Why does it matter that Apple integrated ChatGPT into its operating system rather than just featuring it in the App Store?

Model

Because system integration means ChatGPT gets access that no App Store app can match. It's baked into the software itself—Siri can hand off to ChatGPT, it appears in native menus. Grok has to compete for attention like any other app. That's the structural disadvantage xAI is claiming.

Inventor

But couldn't Apple argue they're just choosing the best tool for their users?

Model

They could, and they do. The question is whether "choosing the best tool" is actually just choosing your business partner. If Apple genuinely believed ChatGPT was superior, why not let the market decide? Why lock it into the system?

Inventor

What does Musk have to prove to win?

Model

He'd need to show that Apple and OpenAI coordinated specifically to exclude competitors, and that the arrangement harms consumers or competition. The easy part is showing Grok gets worse treatment. The hard part is proving it was deliberate collusion rather than Apple making independent choices.

Inventor

Why is OpenAI calling this harassment?

Model

Because Musk has sued them before, and because he's been vocal about seeing them as a rival. OpenAI's argument is that this is personal grievance dressed up as antitrust law.
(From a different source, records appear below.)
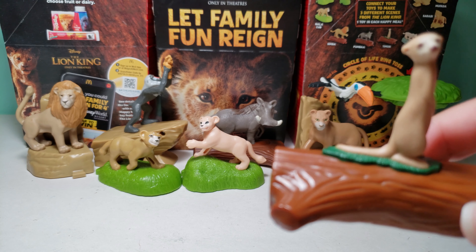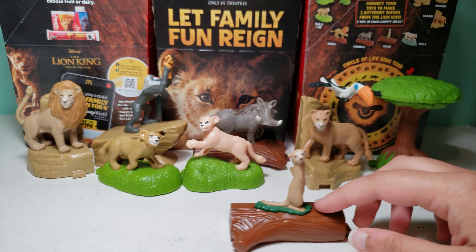Hi guys, today I have Disney's The Lion King McDonald's Happy Meal toy number 7, and this is Timon. As you can see in the back, I have a lot of the other toys in this set. I also have Simba right over here.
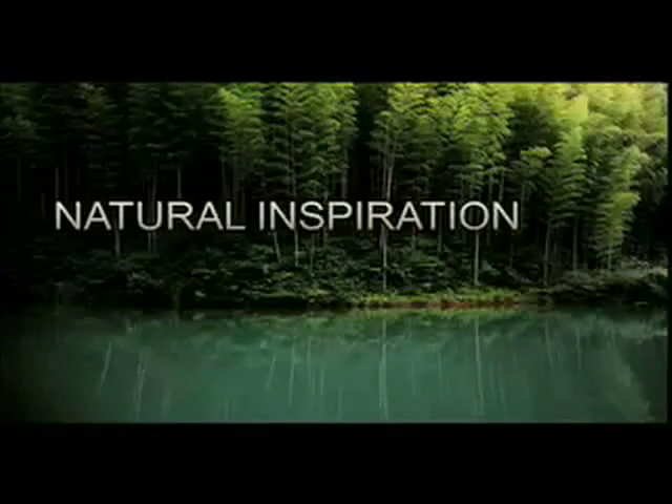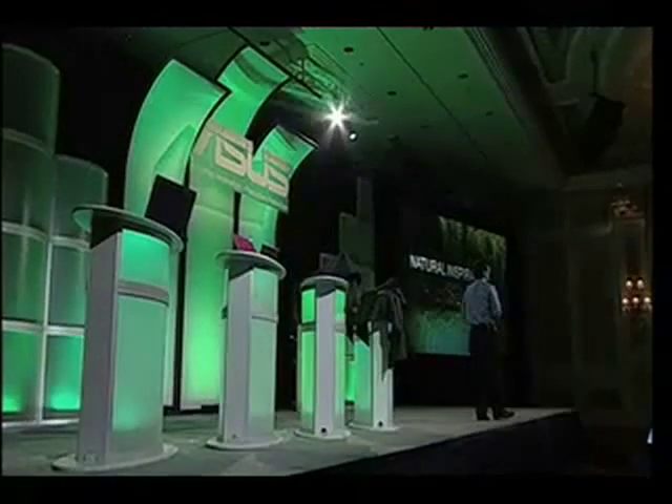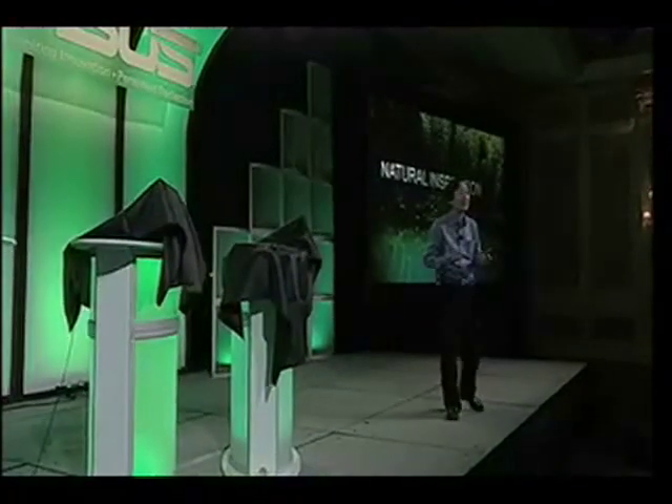The nature is the best source of inspiration. Let's look at nature and ask: what material minimizes our impact on the world? What material is beautiful, easily renewable, easily reusable, and can return to nature as easily as it came to us? The clear answer was bamboo.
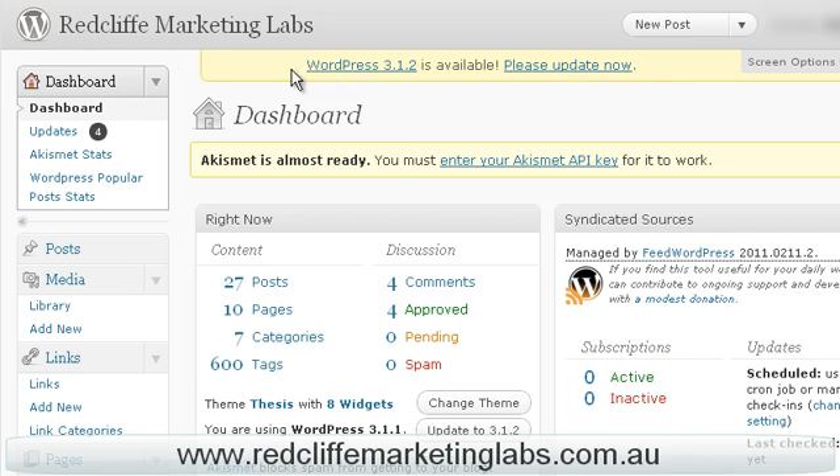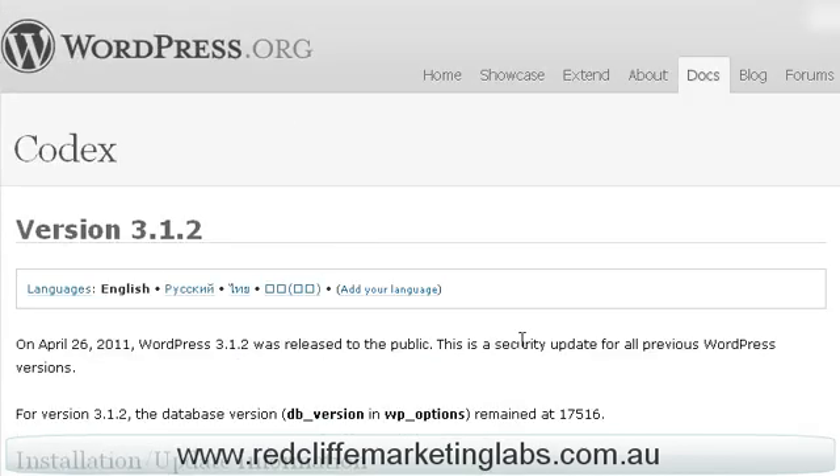So you can see here, the service indicated that there's an upgrade available. I can click through on the link there and it'll tell me something about the upgrades. In this case, it's a security upgrade.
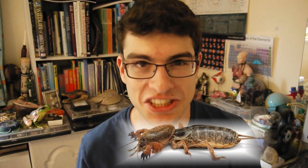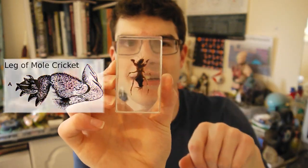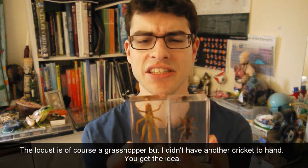It's called the mole cricket because it lives underground and it's got the same adaptations as a mole. So you've got these little puddles here for digging. Now the adaptations on this thing make it look absolutely bizarre — it looks nothing like any other cricket. We've got a locust here and you can just see they look absolutely nothing like each other.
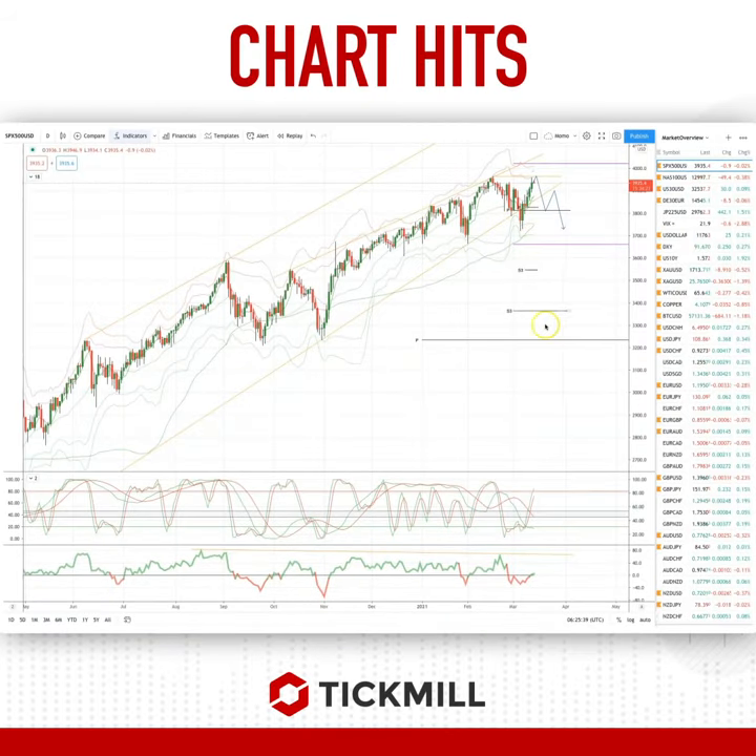Morning traders, Patrick Muller here with another Tip Mill chart. I want to draw your attention to a couple of opportunities in the equity indices.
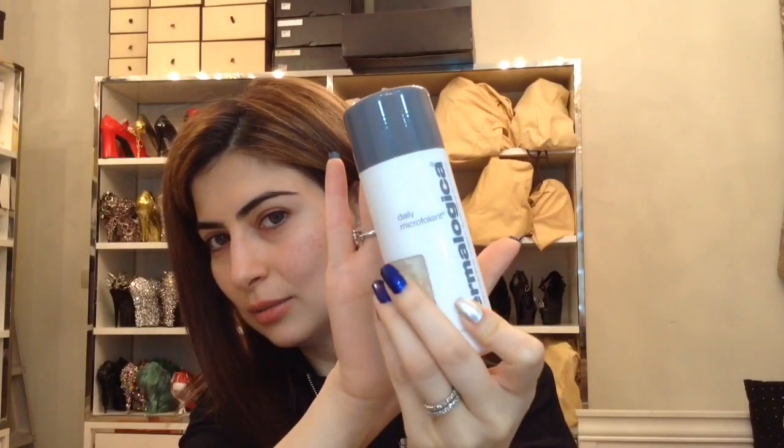It's going to be a short video, a very quick one, because there is not much to tell. I exfoliate my skin with the Daily Dermalogica Microfoliant. Then for the toner, I use pure organic rose water as a toner, just to balance out the pH levels of the skin.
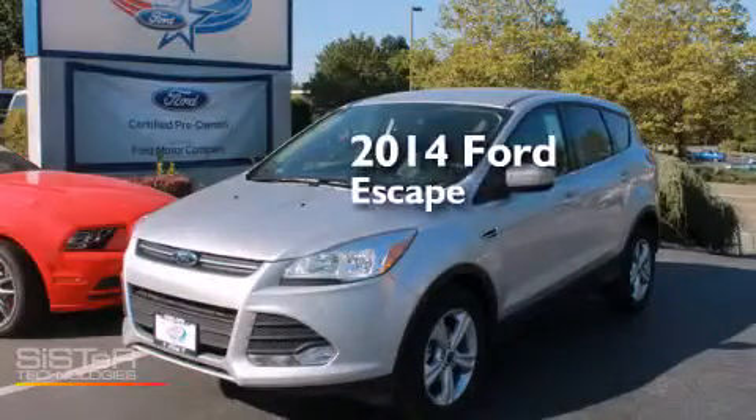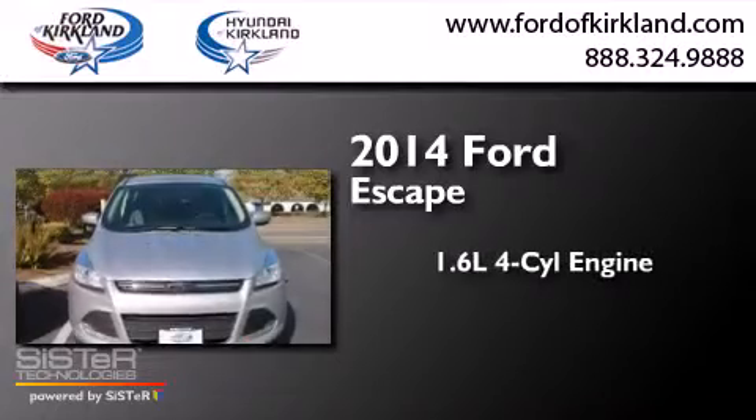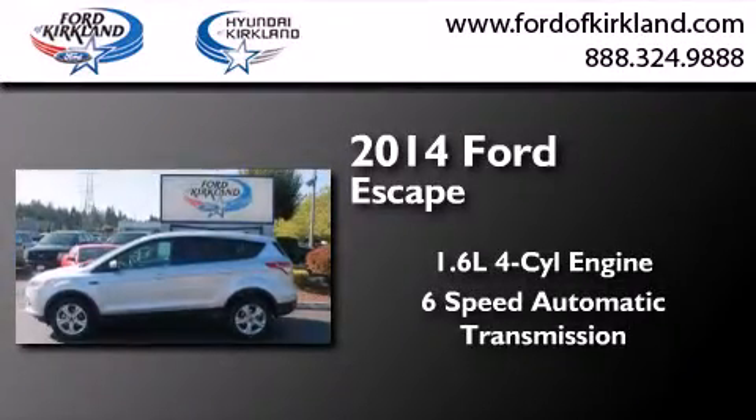This is a brand-new 2014 Ford Escape. It has a 1.6-liter four-cylinder engine and a six-speed automatic transmission.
They're also pointing out that Musk uses X to amplify his own interests constantly.

Inventor

Could this actually change how tech companies handle AI apps?

Model

If xAI wins, yes—it would force Apple and others to be much more careful about preferential treatment. But the bar for proving antitrust violation is high. More likely this settles or gets dismissed, and the real change comes from regulators, not courts.